Tentu ada banyak komunitas dan kantong generasi milenial lain, dengan segala beragam ide-ide kreatifnya, dua komunitas di atas hanyalah sekadar contoh. Setidaknya dua komunitas tersebut bisa dijadikan jendela dalam memahami aspirasi dan konfigurasi generasi milenial. Dari observasi lapangan, salah satu temuan menarik adalah, mereka tidak terlalu peduli dengan segala kebisingan terkait Pilpres 2019.
Mereka bukannya tidak tertarik pada politik dan kekuasaan, namun mereka memiliki peta jalan sendiri untuk mengekspresikan aspirasi mereka. Keterlibatan dalam aksi Kamisan, merupakan salah satu bentuk ekspresi mereka membela korban pelanggaran HAM. Ketika elite di Istana tidak pernah merespons aksi Kamisan, padahal aksi itu hanya sepelemparan batu jaraknya dari Istana, bisa kita tebak bagaimana pandangan generasi milenial terhadap kekuasaan. Wajar bila mereka kemudian bersikap dingin terhadap kekuasaan. Mereka sudah bisa membaca, bahwa aksi Kamisan suatu saat akan menjadi salah satu media dalam kampanye capres, baik kubu petahana maupun penantang. Namun ikhtiar tersebut percuma saja, politisasi aksi Kamisan adalah kesia-siaan.
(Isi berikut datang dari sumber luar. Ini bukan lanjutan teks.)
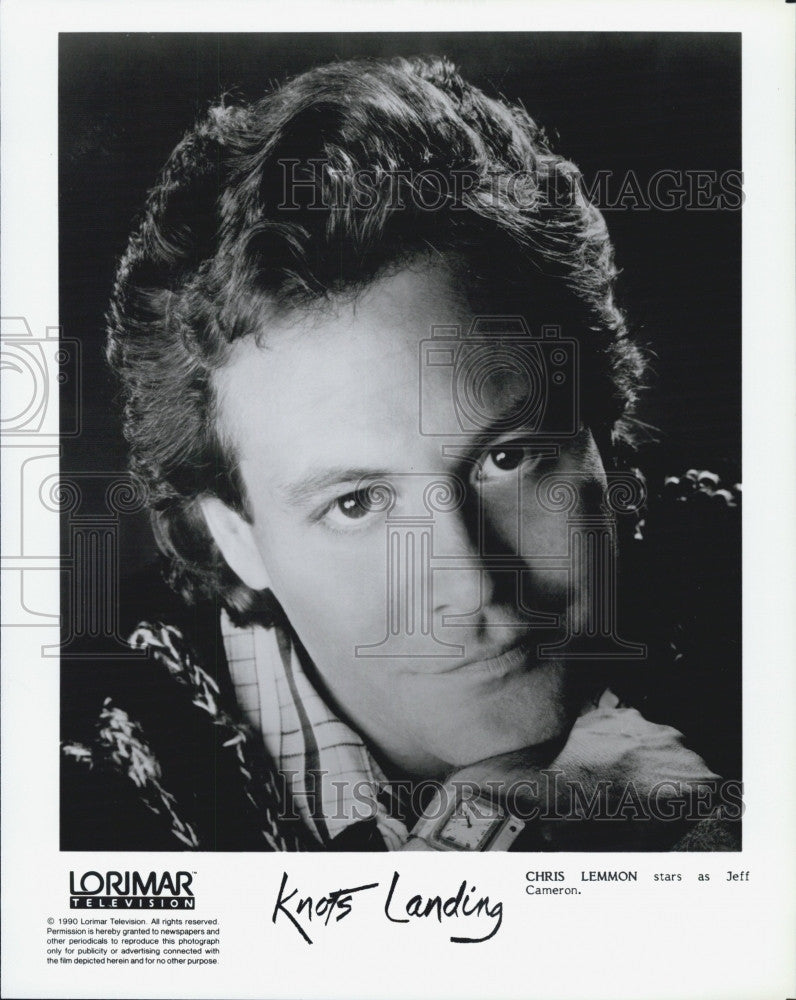 1990 Press Photo Knots Landon Star Chris Lemmon As Jeff Cameron COPY - Historic Images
Sementara komunitas Rode sangat menyesalkan ormas kemahasiswaan dan pemuda yang sekadar menjadi kepanjangan tangan dari para senior atau parpol yang menjadi afiliasinya. Dalam pandangan Rode, suara generasi milenial adalah simbol kedaulatan. Idealnya generasi milenial bisa menggunakan suaranya secara kritis, tidak sekadar mengikuti kemana angin bertiup. Meskipun angin itu digerakkan para senior.
Sekadar tambahan informasi, Komunitas Rode didirikan oleh sejumlah aktivis generasi 1980-an dari kampus UII. Sejak lahir komunitas ini memang kritis terhadap kekuasaan, bahkan pada dua level kekuasaan. Pertama, kritis terhadap Orde Baru, sebagai alasan utama pendirian komunitas ini tahun 1988 dulu. Kedua, kritis terhadap ormas kemahasiswaan, khususnya HMI, mengingat para pendahulu Rode adalah “sempalan” HMI, ketika HMI dianggap semakin dekat dengan kekuasaan (rezim Orde Baru). Sikap kritis dua level ini masih dipertahankan sampai hari ini.

Penulis: Aris Santoso, sejak lama dikenal sebagai pengamat militer (khususnya TNI AD). Kini bekerja sebagai editor paruh waktu.